2.          À Montréal, le ou vers le 15 décembre 2008, l’intimé a indiqué une fausse adresse pour sa cliente M.S. sur la proposition d’assurance-vie nº [...] auprès de Sun Life du Canada, contrevenant ainsi aux articles 16 de la Loi sur la distribution de produits et services financiers (L.R.Q., c. D-9.2), 11, 34 et 35 du Code de déontologie de la Chambre de la sécurité financière (c. D-9.2, r. 3). »

[2]           D’entrée de jeu, le 13 juin 2012, la plaignante déposa au dossier une preuve documentaire qui fut cotée P-1 à P-5.

[3]           Par la suite, après qu’elle eut amendé le chef numéro 2 de façon à ce que les termes « a indiqué une fausse adresse pour sa cliente M.S. » soient remplacés par « a indiqué un faux lieu de signature par sa cliente M.S. », l’intimé admit les éléments matériels des infractions qui lui étaient reprochées, et ce, tant aux chefs d’accusation 1 que 2 amendé et fut déclaré coupable de ceux-ci par le comité.

[4]           L’audition sur sanction fut alors reportée au 13 septembre puis au 18 septembre 2012.

LA PREUVE

[5]           Le 18 septembre 2012, les parties avisèrent le comité qu’elles n’entendaient pas déposer d’éléments de preuve additionnels au dossier.

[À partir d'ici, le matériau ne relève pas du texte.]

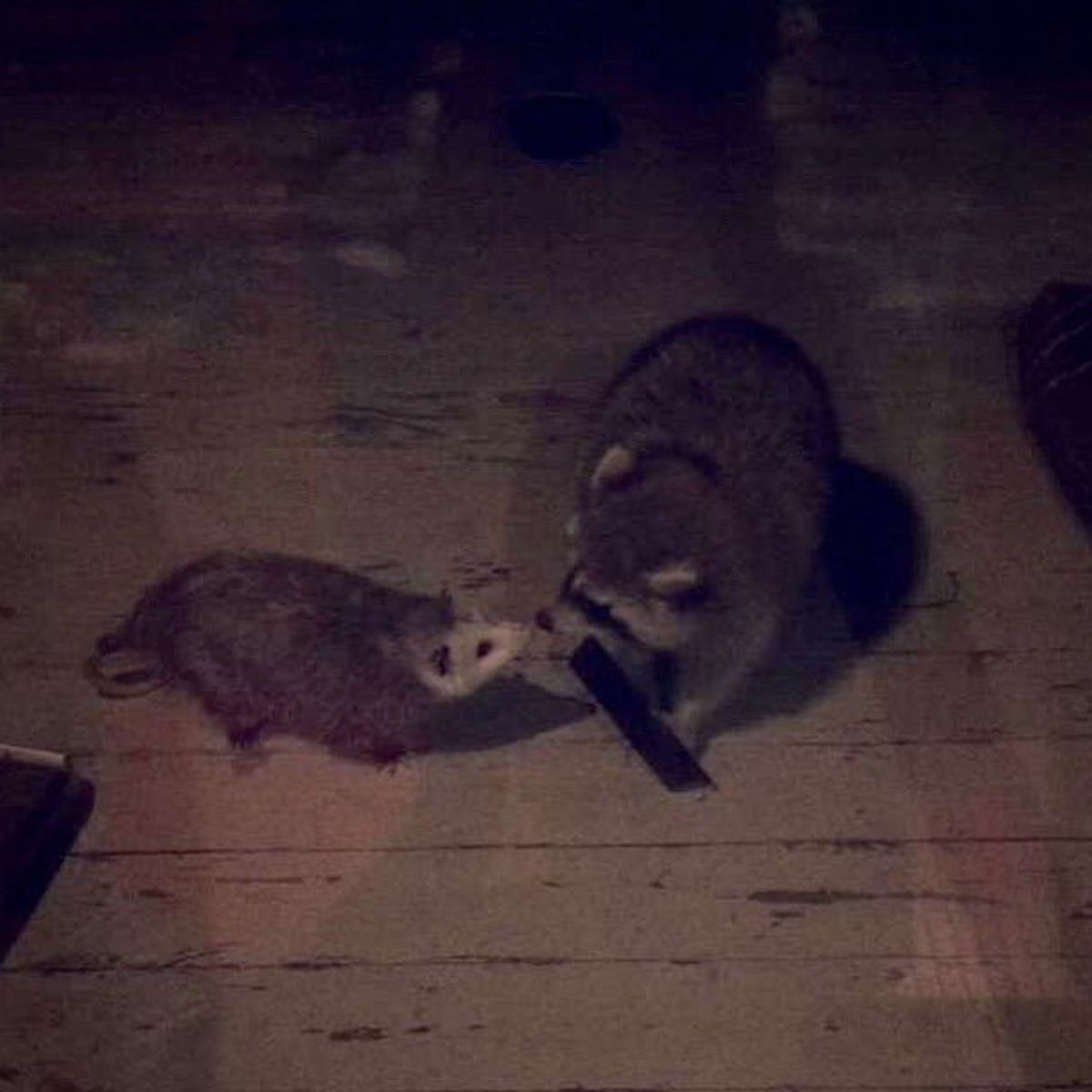 A Letter To The Opossum In My Backyard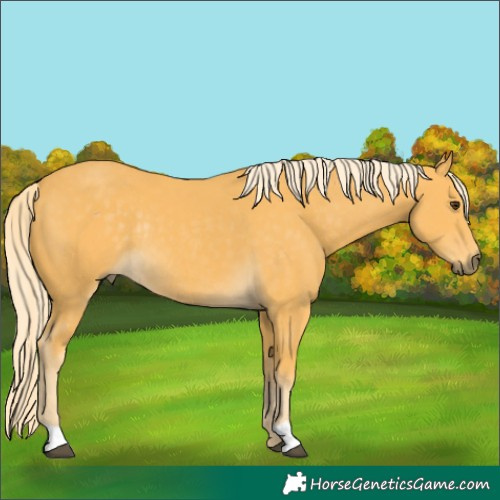 Horse Color:Palomino Rabicano 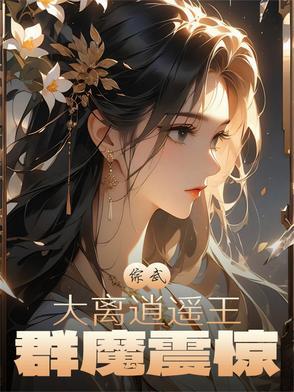 综武大离逍遥王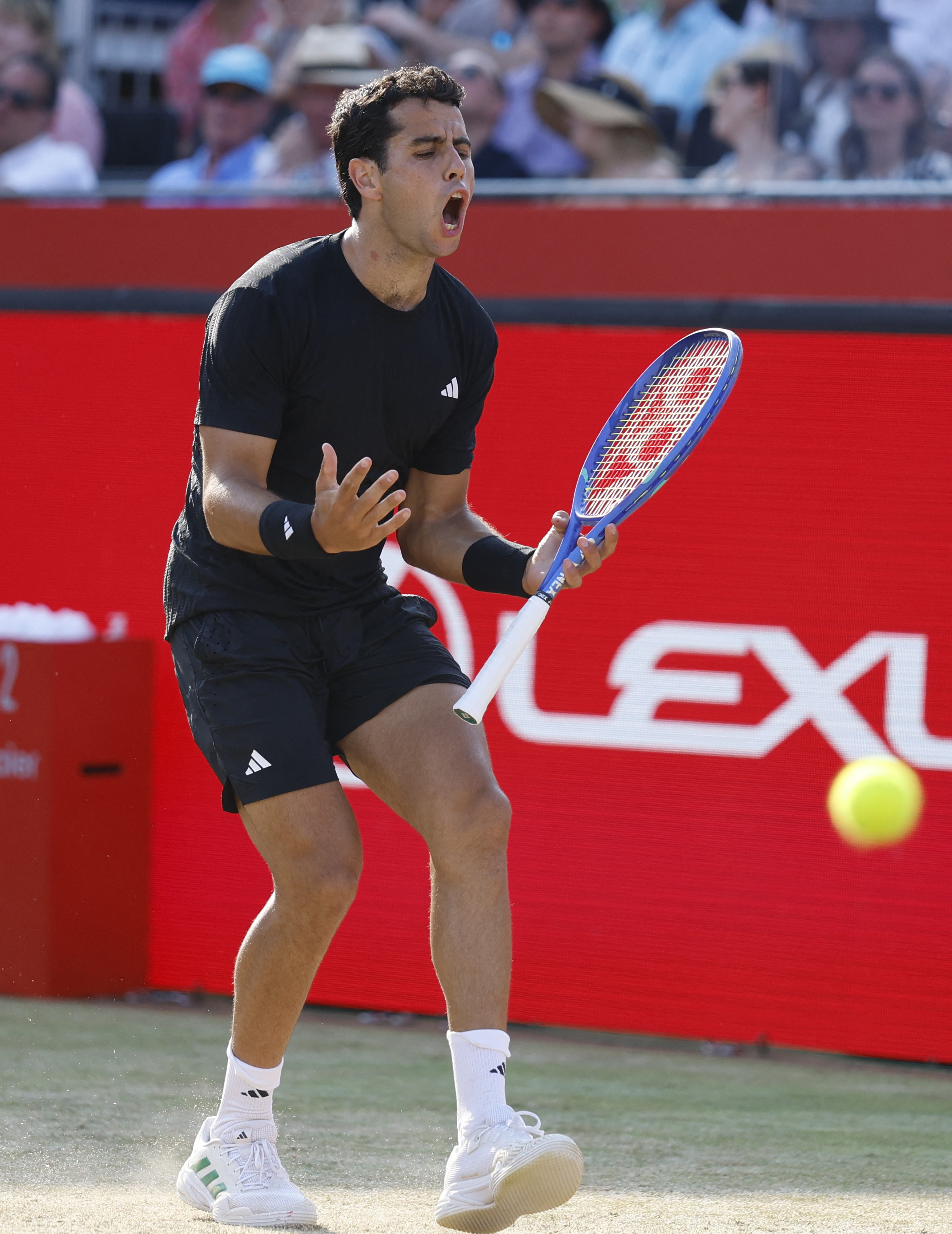 意大利网球队爆冷英国网球队,阿尔卡拉斯绝境逆转 意大利网球队爆冷英国网球队,阿尔卡拉斯绝境逆转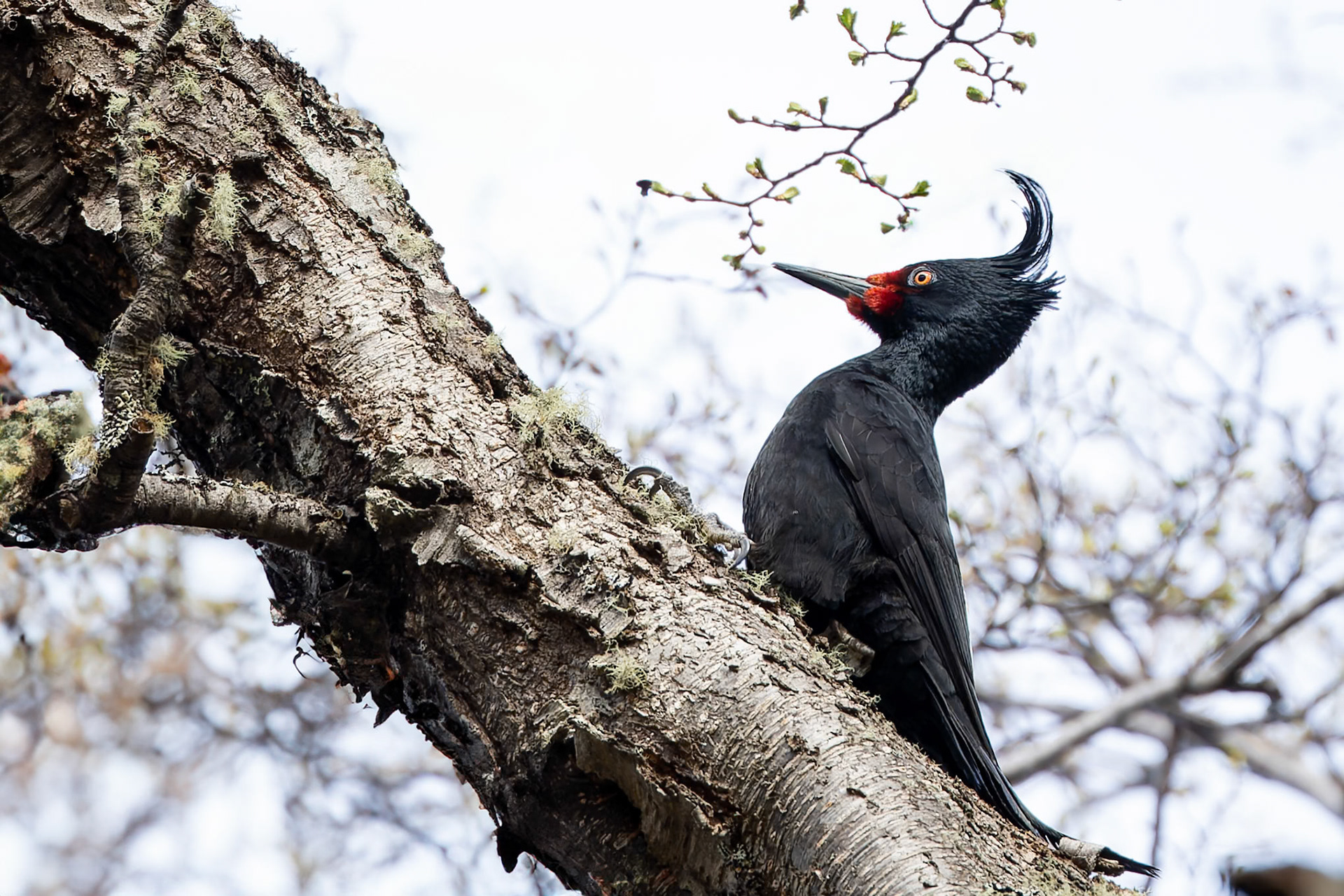 Magellanic woodpecker, Punta Arenas, Patagonia, Chilé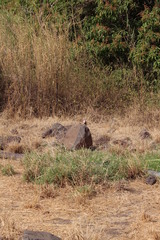 Halcyon leucocephala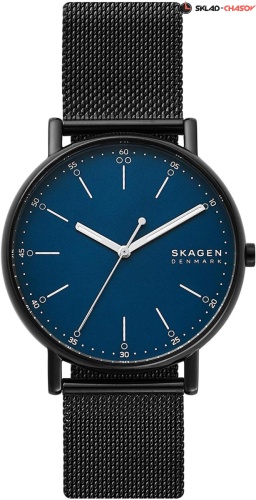 Skagen Signatur SKW6655 фото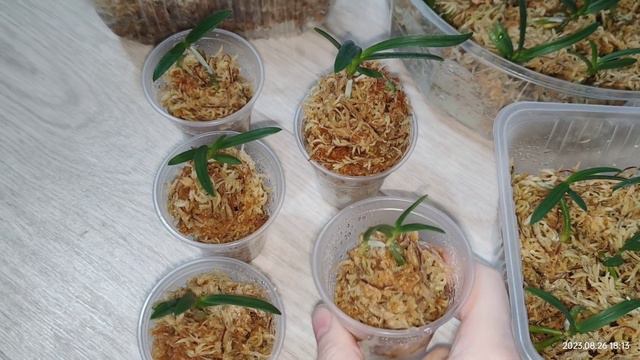 Фласка... мой первый опыт... renanthera monachica × vanda falcata смотреть онлайн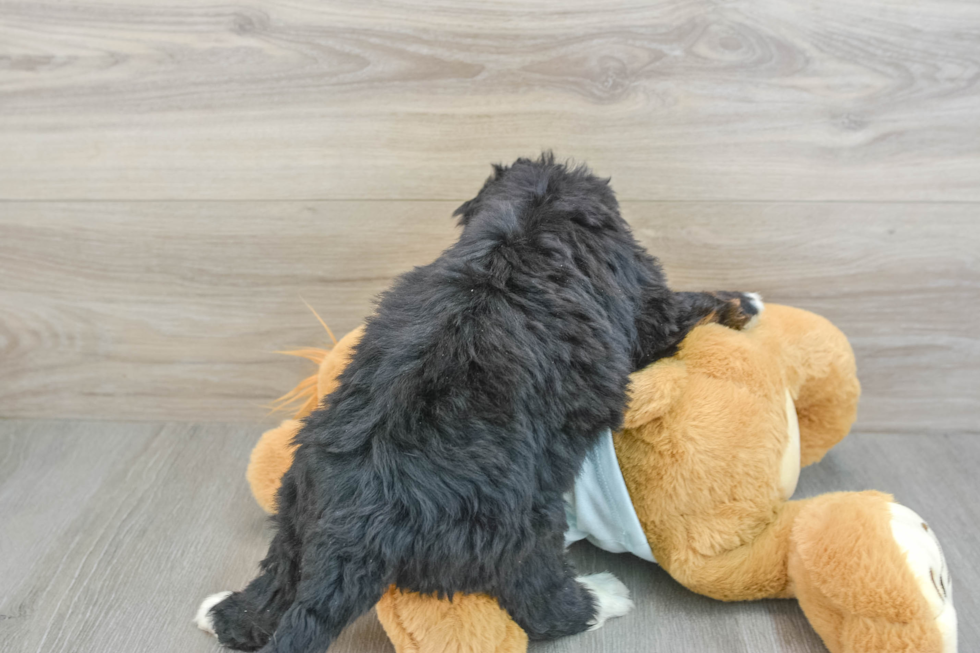 Happy Mini Bernedoodle Baby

[6]           Elles soumirent ensuite leurs représentations sur sanction.

REPRÉSENTATIONS DE LA PLAIGNANTE

[7]           La plaignante, par l’entremise de son procureur, débuta ses représentations en indiquant qu’elle recommandait au comité, au plan de la sanction, de condamner l’intimé sous le premier chef au paiement d’une amende de 5 000 $ et sous le second chef, compte tenu de la connexité entre les chefs 1 et 2, de lui imposer une réprimande.

[8]           Elle identifia ensuite les facteurs aggravants ainsi qu’atténuants suivants :

Facteur aggravant :

-               la gravité objective des infractions reprochées, l’intimé ne pouvant ignorer qu’il contournait les règles et qu’il n’était pas autorisé à agir comme il l’a fait;

Facteurs atténuants :

-               des infractions remontant à près de quatre (4) ans;

-               la constatation que l’intimé a cessé d’exercer la profession en juin 2011 et a cessé de détenir un certificat à la fin de la même année ou au début de 2012;

-               son absence d’antécédents disciplinaires;

-               son entière collaboration à l’enquête de la plaignante;

-               l’absence de bénéfice financier pour ce dernier, la police d’assurance souscrite par la cliente n’ayant jamais été émise, cette dernière ayant fait défaut de se soumettre à l’examen médical requis;

-               l’absence chez l’intimé d’intentions malveillantes, ce dernier ayant agi strictement pour « aider » une cliente qui, selon ses affirmations, allait venir à Montréal et se soumettre alors à l’examen médical requis;

-               le souci de l’intimé de bien s’assurer que la signature apposée au document était bien celle de la cliente, et ce, malgré qu’il ne l’ait pas vu signer;

-               une faute isolée tout au long d’une carrière sans tache.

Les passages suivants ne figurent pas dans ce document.